_Task item_. When you write out the listing, keep every word as it stands and drop the pictures.

---

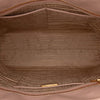 Prada Saffiano Lux Double Handle Shopping Tote Secondhand
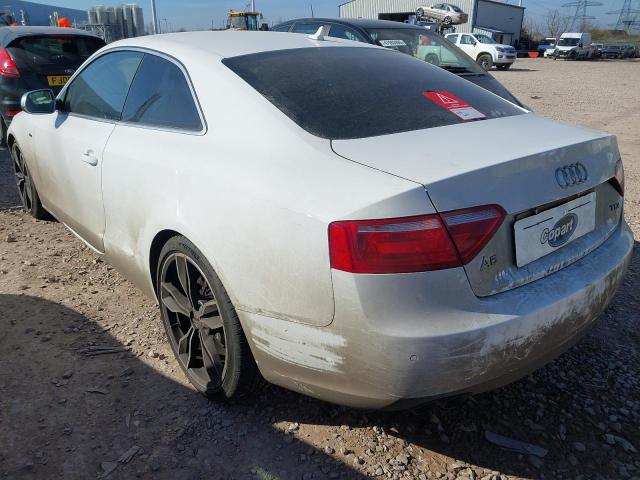 2013 AUDI A5 SE TDI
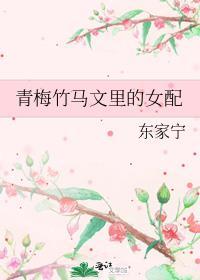 青梅竹马文晋江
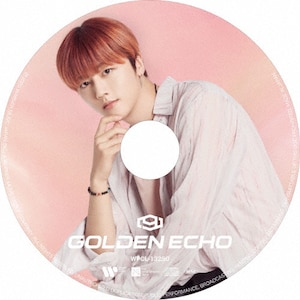 GOLDEN ECHO(SY/YOUNG BIN)|SF9|WPCL-13250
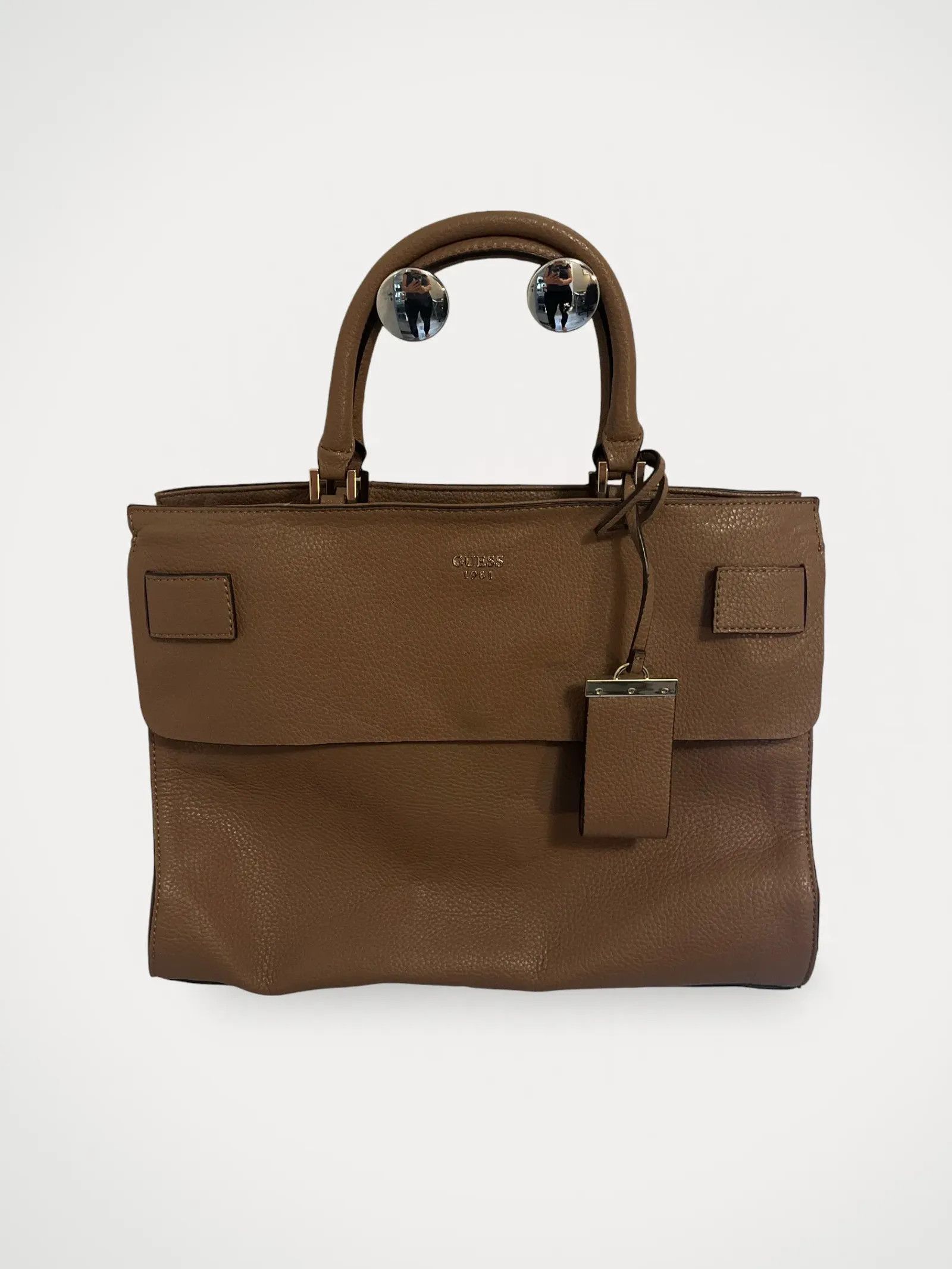 Guess Guess Bucket Bag Size ONE SIZE - 2 Thumbnail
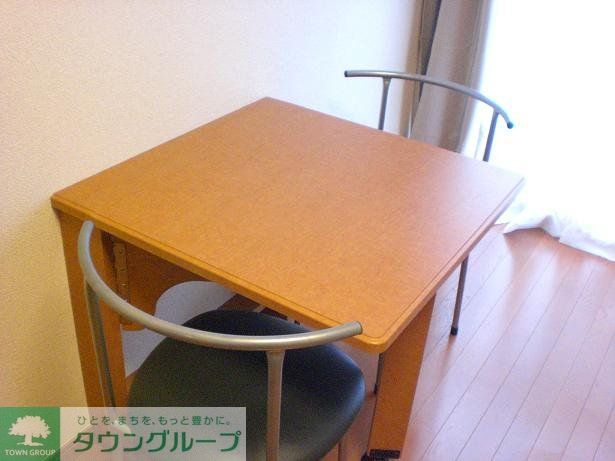 レオパレスサカワのその他写真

---

_Your solution_.
 Prada Saffiano Lux Double Handle Shopping Tote Secondhand
 2013 AUDI A5 SE TDI
 青梅竹马文晋江
 GOLDEN ECHO(SY/YOUNG BIN)|SF9|WPCL-13250
 Guess Guess Bucket Bag Size ONE SIZE - 2 Thumbnail
 レオパレスサカワのその他写真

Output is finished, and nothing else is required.